Aliás, cabe o pensamento crítico. A matriz de geração de energia elétrica nacional é uma das mais renováveis do mundo. São cerca de 80% da geração por meio de fontes hídricas, eólicas, térmicas a biomassa e usinas fotovoltaicas. Portanto, ainda são cabíveis estímulos, via subvenções, às fontes renováveis? A Lei n° 14.120/2021 deixa claro que estes subsídios já cumpriram seu papel, não sendo mais necessários, desejáveis, prudentes.

Já a proposição de flexibilização do uso do sinal locacional para a Tust, apresentada na MP, agravará as distorções que motivaram os aprimoramentos técnicos conduzidos pela Agência Nacional de Energia Elétrica (Aneel) – que buscou em Consulta Pública recente, nº 39/21, justamente a intensificação do sinal locacional, para corrigir homologação de preços equivocados. Em apertado resumo, a MP prejudica o consumidor do Norte e Nordeste do país, justamente quem deveria ser mais beneficiado com o sinal locacional bem estimado.

Em seu turno, fixar a Tust para os geradores por todo o período da outorga, como propõe a MP, cerceia os geradores a aportarem recursos para custearem a expansão do sistema de transmissão, cujos custos recairão exclusivamente sobre os novos geradores e usuários do Sistema Interligado Nacional (SIN). Considerando que a região Nordeste do Brasil concentra grandemente novos projetos de geração, essa medida proposta na MP irá novamente prejudicar o desenvolvimento da região.

Em simulações realizadas pela Associação Brasileira de Distribuidores de Energia Elétrica (Abradee), o congelamento da Tust para o segmento de geração irá alocar custos de expansão e renovação da transmissão apenas sobre novos geradores, representando um custo estimado de R$ 4,6 bilhões acumulados em nove anos. 

Dessa forma, as medidas inseridas na MP, sem pertinência temática, irão inserir custos ao setor elétrico em torno de R$ 36 bilhões no horizonte 2023-2031, aproximadamente, R$ 9 bilhões por ano.

O movimento da MP no 1.118/22 para o setor elétrico vai justamente na contramão dos esforços empreendidos recentemente em prol da desoneração das tarifas de energia elétrica. São exemplos (i) a própria Lei Complementar n° 192/2022, que limitou a incidência de ICMS em 17%/18% a depender do Estado, além de reduzir a base de incidência do imposto; (ii) a Lei n° 14.300/2022, que impõe metas para reduzir os subsídios à micro e mini geração distribuída; (iii) estudos que estão sendo conduzidos pelo Ministério de Minas e Energia (MME) para a modicidade tarifária. 

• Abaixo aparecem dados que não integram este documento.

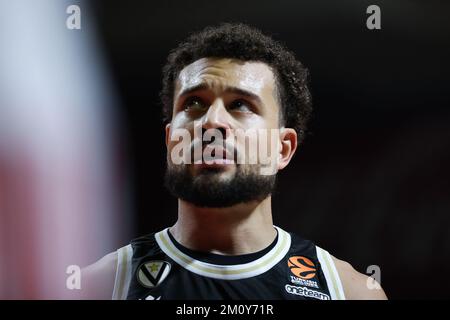 Belgrado, Serbia, 2nd dicembre 2022. Kyle Weems di Virtus Segafredo Bologna reagisce durante la partita Eurolega della Turkish Airlines del 2022/2023 tra Crvena Zvezda MTS Belgrado e Virtus Segafredo Bologna ad Aleksandar Nikolic a Belgrado, in Serbia. Dicembre 2, 2022. Credito: Nikola Krstic/Alamy Foto Stock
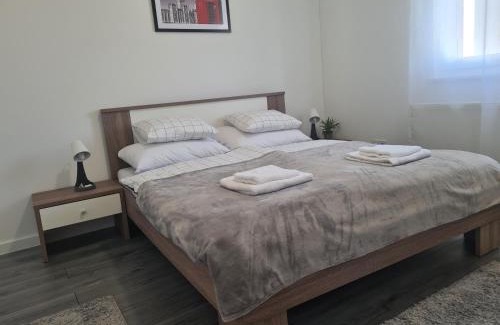 Sesvete Apartment | Apartman Lea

De tal sorte que o disposto na MP no 1.118/22 pode ser classificada como inventividade danosa ao setor elétrico, em nada agregando para a sua evolução. A Abradee defende movimentos sustentáveis, equilibrados, pautados na segurança jurídica, ao encontro da desoneração tarifária. Este é o nosso compromisso.

*Lindemberg Reis, Samuel Vieira e Lucas Malheiros são, respectivamente, gerente de Planejamento e Inteligência de Mercado, Especialista em Regulação e Assessor de Regulação da Associação Brasileira de Distribuidores de Energia Elétrica (Abradee).